__WORK ITEM__
All of the data that follows should be written out exactly.

• • •

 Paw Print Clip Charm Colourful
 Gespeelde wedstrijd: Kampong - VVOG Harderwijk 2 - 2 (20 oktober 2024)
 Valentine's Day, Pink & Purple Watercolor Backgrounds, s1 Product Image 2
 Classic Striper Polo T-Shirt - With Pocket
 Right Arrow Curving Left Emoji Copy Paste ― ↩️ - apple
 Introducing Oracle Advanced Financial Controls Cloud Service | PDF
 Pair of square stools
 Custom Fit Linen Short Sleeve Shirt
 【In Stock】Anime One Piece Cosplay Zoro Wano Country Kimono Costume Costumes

• • •

__ANSWER AREA__
 Paw Print Clip Charm Colourful
 Gespeelde wedstrijd: Kampong - VVOG Harderwijk 2 - 2 (20 oktober 2024)
 Valentine's Day, Pink & Purple Watercolor Backgrounds, s1 Product Image 2
 Classic Striper Polo T-Shirt - With Pocket
 Right Arrow Curving Left Emoji Copy Paste ― ↩️ - apple
 Introducing Oracle Advanced Financial Controls Cloud Service | PDF
 Pair of square stools
 Custom Fit Linen Short Sleeve Shirt
 【In Stock】Anime One Piece Cosplay Zoro Wano Country Kimono Costume Costumes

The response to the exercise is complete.